We evaluated the existing playing field, looking at companies like Backupify, Spinbackup, Spanning Backup, and several more, but many of them were focused on solving an adjacent problem—retaining old versions of files and making sure employees couldn’t delete sensitive data—which Google already solves with a first-party solution called Vault. Additionally, many of these services seemed overly complex and appeared unreliable. Plus, they didn’t let you control where your data was backed up to. Fortunately, I found a pretty easy to use solution that was reliable and gave us confidence in the data backups.
“Rclone is a command line program to sync files and directories to and from: [basically every cloud storage provider ever]”

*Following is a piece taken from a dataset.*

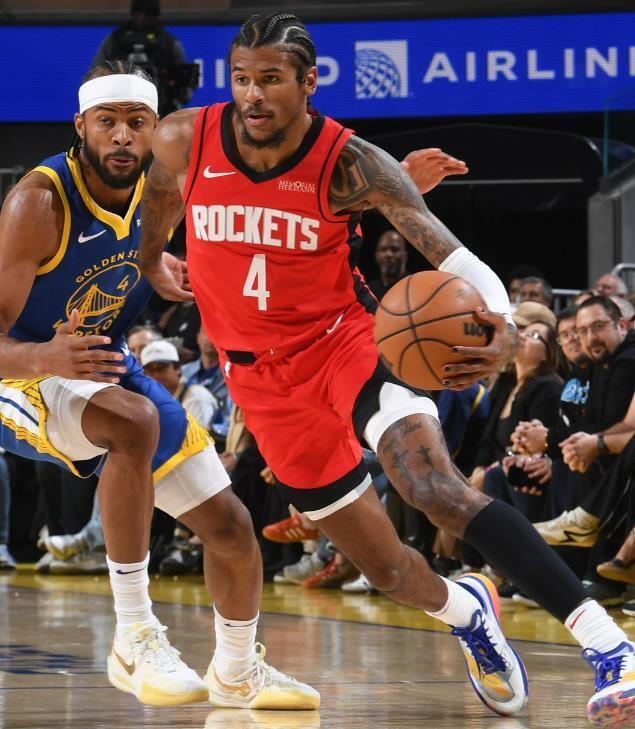 纳什维尔2-1迈阿密国际，梅西世界波，瑟里奇点射，鲍尔破门（纳什维尔2-1力克迈阿密国际：梅西奉献世界波，瑟里奇点射建功，鲍尔破门）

Rclone is an amazing cli tool that can interface with pretty much all cloud storage providers you would care about. It can do one way copies, two way syncs, mount cloud storage using FUSE, and much more.
Using the interactive
rclone config it’s pretty easy to get things set up. For our purposes we were interested in syncing locally, TAR-ing and GZIP-ing the resulting folder, and then pushing that to S3 (and storing a copy in a local, physical hard drive). I’m not going to walk through the standard steps that the Rclone docs cover, but I will call out some of the special tweaks/decisions we made in the process:
- If syncing to S3, or if you don’t want to dedicate your laptop to this task (it took about 60 minutes to transfer 15k files / 60 GB on a t2.medium from Drive straight to S3), spinning up an EC2 instance with a large EBS volume attached is a convenient alternative. It’s also pretty cheap since you’ll probably only need it for several hours.
- Use a service account instead of tying to a specific user by following these steps Service Account support
- We found that the instructions were slightly wrong here, you needed to enter the email associated with the service account in the “Client Name” field, not the “Key Id” on the IAM dashboard.
- Grant access to list Team Drives to the service account by following the instructions in this Stackoverflow answer https://stackoverflow.com/a/43264567
Then, to copy files to the local drive, use:
rclone -v copy --drive-alternate-export REMOTE_NAME:/ LOCAL_FOLDER/
--drive-alternate-export is important because it allows exporting files that will usually be skipped because they are too large.
After retrieving all the files (and conveniently having the Google Docs files converted to appropriate offline versions), I like to bundle and compress the resulting directory to make it easier to move around. Since it’s usually pretty large, on the order of 10s of gigabytes, I leverage pigz which is a parallel implementation of GZIP. This improves compression time from around 2 hours to 20 minutes on my laptop for a 93 GB input file.
tar --use-compress-program=pigz -cf EXPORTED_BUNDLE_NAME.tgz EXPORTED_FOLDER/
|Host||Locations||Duration||File Count||Files Size|
|t2.medium||Drive → S3||1h3m||15,000||60 GB|
|MBP w/ 200 mbps dl/ul||Drive → hard drive||1h57m||21,300||93 GB|